Intermittent fasting was definitely a new experience for me and after trying it out for an entire week, I’ve come away with a few tips that will help you to be successful should you decide to give intermittent fasting a try. While some of these tips would apply to pretty much any diet plan, others are fairly specific to fasting.
- First things first: get your head in the game. If you imagine you can just waltz through a week (or more) of intermittent fasting without some mental preparation, you might be in for an unpleasant surprise.
- Consider going in via the shallow end if you’re new to fasting. If you have never gone 12 hours without eating, that’s probably where you should start. But, if a 12-hour fast poses no challenge, try an 8:16 schedule or one of the gentler fasting schedules included in The Complete Guide to Fasting. As Fung would say, there is no single, right way to fast and there are countless options for designing your own.
- Lean hard on that coffee (or tea) and bone broth – As I’ve mentioned many times before, I do not think I could have gotten through my 24-hour fast days without these on hand. The coffee with half and half really made it possible for me to survive the morning without breakfast and a hot bowl of bone broth loaded up with herbs got me through to dinner.
- Stay busy – Fung mentions this bit of advice several times in his book and I couldn’t agree more. A bit of distraction can make all the difference when you’re trying to get through a longer fast. Whether tackling a project at the office, working in the garden, or re-organizing the garage, keeping yourself occupied can take your mind off of eating.
- Stay Out of the Kitchen If at All Possible – Unless you are a glutton for punishment, try to avoid hanging out in food areas while you are fasting. Appetite is driven by more than just hunger pangs; virtually all of our senses can signal to us that it is time to eat.
- Emphasize fats – Though many of us have been ingrained with the notion that low- or no-fat is the way to go when trying to lose weight, this might not always be the best advice. By making a point of including more fats during my week of intermittent fasting, I frequently ended up eating less than expected simply because I felt full with a smaller portion.
- Prepare in advance a few grab-and-go meals that are appropriate for your eating plan – For myself, I found having such things as hard-boiled eggs, cooked bacon and breakfast sausage, grated and/or sliced cheeses, Greek yogurt, cottage cheese, pre-made salad, cooked and sliced meats, and (last but not least) a batch of homemade pho bone broth stashed in the fridge to be of immense help. You don’t want to ever be scrambling for something to eat. That is a recipe for diet disaster.

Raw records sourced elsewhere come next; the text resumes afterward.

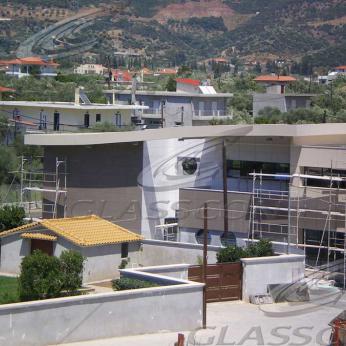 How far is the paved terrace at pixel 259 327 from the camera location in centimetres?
1410

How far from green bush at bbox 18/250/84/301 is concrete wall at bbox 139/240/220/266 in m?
4.20

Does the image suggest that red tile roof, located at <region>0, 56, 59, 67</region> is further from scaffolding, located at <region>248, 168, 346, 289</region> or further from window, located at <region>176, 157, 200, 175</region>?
scaffolding, located at <region>248, 168, 346, 289</region>

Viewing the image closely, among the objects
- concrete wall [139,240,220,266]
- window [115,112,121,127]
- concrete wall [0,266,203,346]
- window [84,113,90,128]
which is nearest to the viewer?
concrete wall [0,266,203,346]

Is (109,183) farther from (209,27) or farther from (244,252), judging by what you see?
(209,27)

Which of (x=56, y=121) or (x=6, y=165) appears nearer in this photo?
(x=6, y=165)

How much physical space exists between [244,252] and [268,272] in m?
0.62

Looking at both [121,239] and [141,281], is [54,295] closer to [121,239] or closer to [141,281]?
[141,281]

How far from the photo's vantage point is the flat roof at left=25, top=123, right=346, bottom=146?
67.4 feet

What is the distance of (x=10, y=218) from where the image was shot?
20438 millimetres

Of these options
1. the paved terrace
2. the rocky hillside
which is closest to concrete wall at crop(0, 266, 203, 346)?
the paved terrace

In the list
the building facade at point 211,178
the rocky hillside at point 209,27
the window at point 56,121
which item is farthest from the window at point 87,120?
the rocky hillside at point 209,27

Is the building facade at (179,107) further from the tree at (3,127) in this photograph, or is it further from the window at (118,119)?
the tree at (3,127)

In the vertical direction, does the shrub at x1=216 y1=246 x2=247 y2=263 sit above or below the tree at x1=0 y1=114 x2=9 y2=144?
Answer: below

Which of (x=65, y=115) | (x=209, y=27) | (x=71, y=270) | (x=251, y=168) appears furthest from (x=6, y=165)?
(x=209, y=27)
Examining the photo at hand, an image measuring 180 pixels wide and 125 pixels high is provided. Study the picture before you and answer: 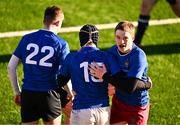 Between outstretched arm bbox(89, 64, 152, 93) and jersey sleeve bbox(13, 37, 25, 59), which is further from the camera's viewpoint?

- Have a few easy swaps in your bag of tricks so you don’t wind up playing the short order cook – Part of the beauty of intermittent fasting is its simplicity! Don’t make life difficult by thinking you have to cook food for yourself that’s entirely different from what the rest of the family is eating. For example, if you’re making pasta with bolognese sauce for dinner, you can easily serve up spaghetti noodles for the crew and steamed zoodles for yourself. Or, if fajitas are on the menu, offer a plate of warm tortillas as well as lettuce leaves for wraps. These little swaps take at most 3 extra minutes to prepare, but will make meal times less stressed for everyone.
- On longer fasting days, break your fast gently – Try having something small 30 or so minutes before your meal. Chew your food well and eat slowly. Wolfing down a plateful of food after a stint of fasting is a sure fire way to get a bellyache.

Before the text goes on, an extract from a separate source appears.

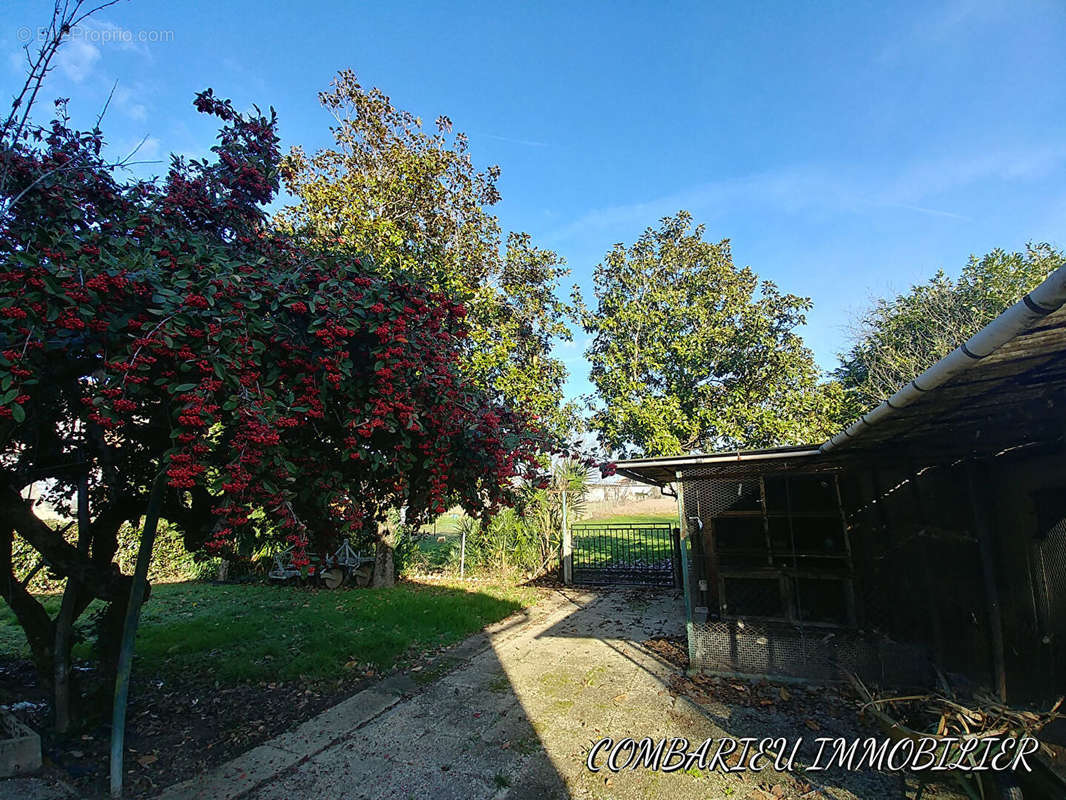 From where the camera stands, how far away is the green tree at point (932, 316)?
37.8 ft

- If at any point during your fast you feel dizzy or nauseous, you should seriously consider ending your fast and having something to eat – Fung emphasizes this point as well. You should not feel bad while fasting. If you do, you might want to try a shorter fasting period or a different intermittent fasting schedule.
Intermittent fasting is a fairly straightforward and simple way to try to lose weight, but it is not without its challenges. Though there isn’t much heavy lifting in the kitchen, any serious change to your eating habits is going to require planning and commitment. If you’re thinking intermittent fasting might be a good fit for you, I hope these tips will help you reach your goals!